# TASK
From the entries below, copy exactly the lines from the one that contains "BEAUTIFUL STERLING SILVER LARGE RUBY RING" through the one that contains "作業員、休憩、仕事、業者、施", both included, and only those.

# DATA FOR REVIEW
————————

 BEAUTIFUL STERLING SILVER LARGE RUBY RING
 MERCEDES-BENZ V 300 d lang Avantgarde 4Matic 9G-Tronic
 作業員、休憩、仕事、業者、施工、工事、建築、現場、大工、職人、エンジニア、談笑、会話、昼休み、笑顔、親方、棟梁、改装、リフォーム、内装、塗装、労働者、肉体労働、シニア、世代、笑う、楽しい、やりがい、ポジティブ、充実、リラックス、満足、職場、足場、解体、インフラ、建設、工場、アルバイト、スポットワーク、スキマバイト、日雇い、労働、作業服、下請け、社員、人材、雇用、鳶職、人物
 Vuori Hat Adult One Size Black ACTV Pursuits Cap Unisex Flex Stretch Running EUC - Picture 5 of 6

————————

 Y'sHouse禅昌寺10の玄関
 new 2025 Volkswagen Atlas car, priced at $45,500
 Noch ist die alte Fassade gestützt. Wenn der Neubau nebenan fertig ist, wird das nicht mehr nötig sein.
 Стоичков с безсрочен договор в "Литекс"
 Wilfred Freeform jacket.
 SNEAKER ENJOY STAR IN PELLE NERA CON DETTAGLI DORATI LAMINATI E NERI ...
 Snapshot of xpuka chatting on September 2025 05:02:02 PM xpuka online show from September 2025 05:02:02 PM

————————

# ANSWER FOR THIS EXERCISE
 BEAUTIFUL STERLING SILVER LARGE RUBY RING
 MERCEDES-BENZ V 300 d lang Avantgarde 4Matic 9G-Tronic
 作業員、休憩、仕事、業者、施工、工事、建築、現場、大工、職人、エンジニア、談笑、会話、昼休み、笑顔、親方、棟梁、改装、リフォーム、内装、塗装、労働者、肉体労働、シニア、世代、笑う、楽しい、やりがい、ポジティブ、充実、リラックス、満足、職場、足場、解体、インフラ、建設、工場、アルバイト、スポットワーク、スキマバイト、日雇い、労働、作業服、下請け、社員、人材、雇用、鳶職、人物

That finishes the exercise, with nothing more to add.